A view of the main entrance to the Library of Congress, in Washington, DC, April 6, 1950. Started in 1800 when congressmen decided they needed a library in which to look things up, today it has more than 8,500,000 books, 125,000 bound volumes of newspapers, 11,320,000 manuscripts, almost 2,000,000 maps and views, 80,000 reels of motion pictures, 2,000,000 volumes and pieces of music, 300,000 phonograph records. The library's two principal buildings, the old, ornate building (shown here) and the new annex, are the two largest buildings in the world devoted exclusively to library purposes. It takes 250 miles of shelves to hold its books.
“The trustiest monument?” Think again, Twain. (AP Photo/William J. Smith)

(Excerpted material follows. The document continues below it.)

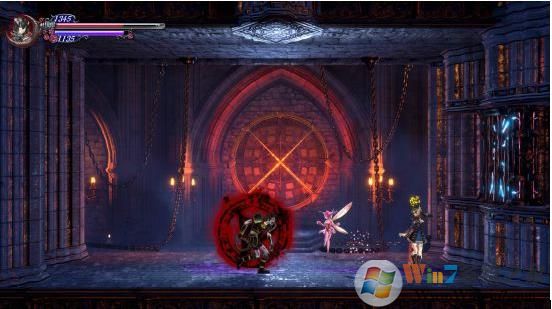 Win10玩《赤痕夜之仪式》黑屏解决方法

Indeed, how the Library of Congress proved capable of signing its name to any work, let alone one that included plagiarism, is curious in itself. The acknowledgments section of Mark Twain’s America lists several current and former library staffers, as well as interns. It seems the institutional authorship is meant to reflect their collective contributions to the book, rather than any individual effort.

That is, with the exception of the efforts and contributions of the book’s co-author, Harry Katz himself a former Library of Congress curator. He did not respond to requests for comment before the time of this article’s publication.

For Twain’s part, although capable of extreme bouts of cynicism, he wouldn’t have predicted such a gaffe. Congressmen have “the smallest minds and the selfishest souls and the cowardliest hearts that God makes,” Twain wrote. Yet he seemed to admire the work of Capitol Hill librarians, once penning a letter that said, “A public library is the most enduring of memorials, the trustiest monument for the preservation of an event or a name or an affection.”

Mac Donnell, who holds a master’s in library science, told Quartz the revelation was “a huge disappointment.”

“I respect the Library of Congress and admire the work they do,” he added. “The vulgarity of this whole thing is not just toward Twain scholarship or Mr. Rasmussen, who is basically the victim here. It’s an insult to librarians and curators and everybody who works in the Library of Congress.” The Library of Congress declined to comment on the matter.

Rasmussen, the first author whose work Mac Donnell identified as lifted, also declined to comment for this article, except to confirm that he is considering legal action.

In response to these allegations, Katz and the book’s editor, Tom Wiener (who was a Library of Congress curator at the time of the book’s publication), posted a message on the Mark Twain Forum expressing regret that Rasmussen’s text was “mistakenly omitted” from their acknowledgments and bibliography sections. They promised to credit Rasmussen’s “important contribution to our chronologies” in future editions of Mark Twain’s America and in the ebook, which is also being adapted into a screenplay.

“Regarding factual errors, we deeply appreciate their being pointed out,” Katz and Wiener added. “We are generalist scholars and writers, but, like everyone on the Forum, we seek to be as accurate as possible in our work. We will rectify errors or omissions in forthcoming editions of the book. The review’s pointed criticisms speak to a deep passion for Twain, a passion we all share.”

Since the above statement was issued, additional vetting of the text (work Mac Donnell described as “deadening” “depressing” and “bad for the eyes”) revealed four more sources the authors seem to have cribbed – one of which was copied even more extensively than Rasmussen’s work.

If the controversy escalates, which seems likely, on top of the obvious embarrassment each party will face, US law leaves room for criminal charges when copyright infringement occurs for commercial purposes.

With that in mind, and in the increasingly archaic tradition of referencing secondary sources, I’ll mention that every Mark Twain quote found in this article was accessed via twainquotes.com, a fine resource for anyone interested in the author’s brilliant repertoire of vicious put downs and pithy aphorisms.

That site is curated by Barbara Schmidt, a scholar whose work gathering this material is seldom acknowledged. Her site, right at the top of the page, rather than on the customary bottom, proudly bears her name next to a ©.